Can any of you help me with a proof or reference?

Answer 1

Recall that $\det(A-t I)=p_A(t)$ is the characteristic polynomial of $A$, which is a degree $N$ polynomial in $t$, where $N$ is the number of rows of $A$. Hence, it is a continuous function in $t$, and has at most $N$ roots, so there is some largest negative root $t_0$, or possibly no negative roots at all (in that case, choose $t_0=-1$ just for completeness). For all $0 < \epsilon < - t_0$, $p_A(-\epsilon)$ is nonzero, meaning that $\det(A+ \epsilon I) \ne 0$, so $A+\epsilon I$ is invertible.

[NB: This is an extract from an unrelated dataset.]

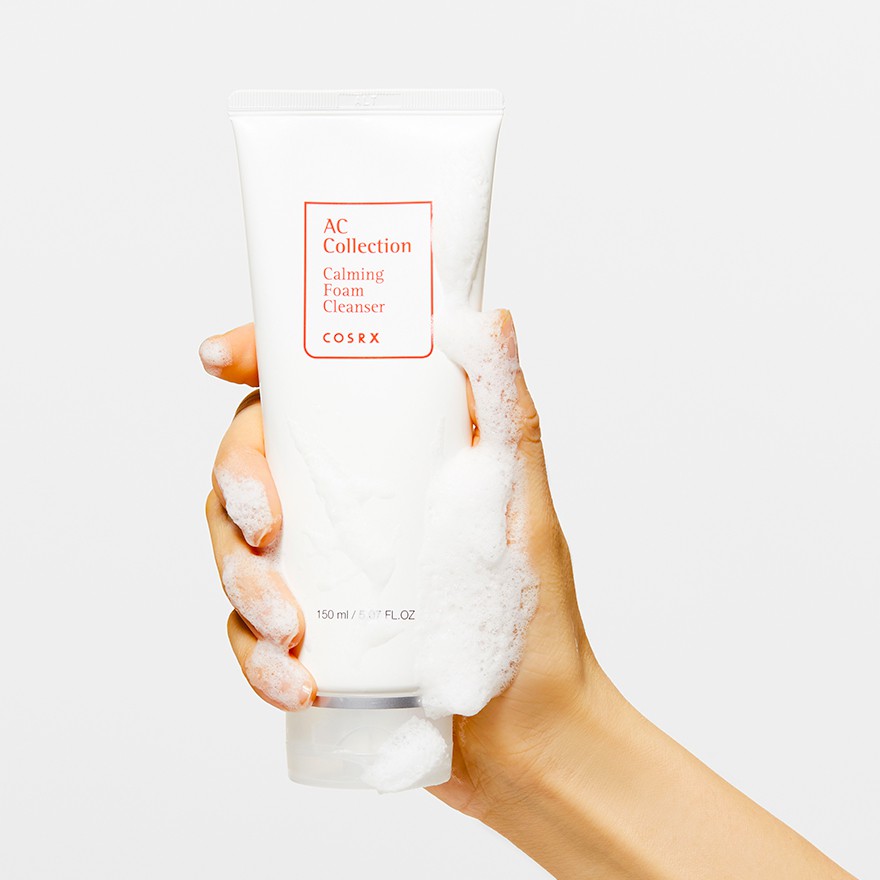 Sữa Rửa Mặt Ngăn Ngừa Mụn Cosrx AC Collection Calming Foam Cleanser 150ml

EDIT: Corrected signs to agree with the question

Answer 2

To put it simple:

the set of invertible matrices is open in the normed space of all matrices.

Therefore if $A$ is invertible then $A+\epsilon I$ will also be invertible for small $\epsilon$.

Answer 3

Yes, if $\mathbf A$ is any $n \times n$ matrix, then $\mathbf A+\epsilon \mathbf I$ is invertible for sufficiently small $\epsilon > 0$. This is because $\det (\mathbf A + \epsilon \mathbf I)$ is a polynomial in $\epsilon$ of degree $n$, and so it has a finite number of zeroes.

Answer 4

Because the determinant function is continuous, and because $A$ is invertible if and only if $\det A \neq 0$, we have that $\det(A)\neq 0 \Rightarrow \det(A+\epsilon B)\neq 0$ for sufficiently small $\epsilon$, regardless of what $B$ is.

If $A$ is singular, then we note that the characteristic polynomial of $A$, given by $\operatorname{ch}_A(t)=\det(A-tI)$ is a polynomial in $t$, and therefore has finitely many roots. Then, whenever $\epsilon$ has absolute value less than the size of the smallest nonzero root $\det(A+\epsilon I)\neq 0$.

Answer 5

If $A$ is symmetric positive semidefinite, and $\epsilon > 0$, then $A + \epsilon I$ is symmetric positive definite (and hence invertible).

To see this, note that if $x \neq 0$ then \begin{align} x^T(A + \epsilon I) x &= x^T A x + \epsilon x^T x \\ &= x^T A x + \epsilon \|x\|^2 \\ & > 0. \end{align}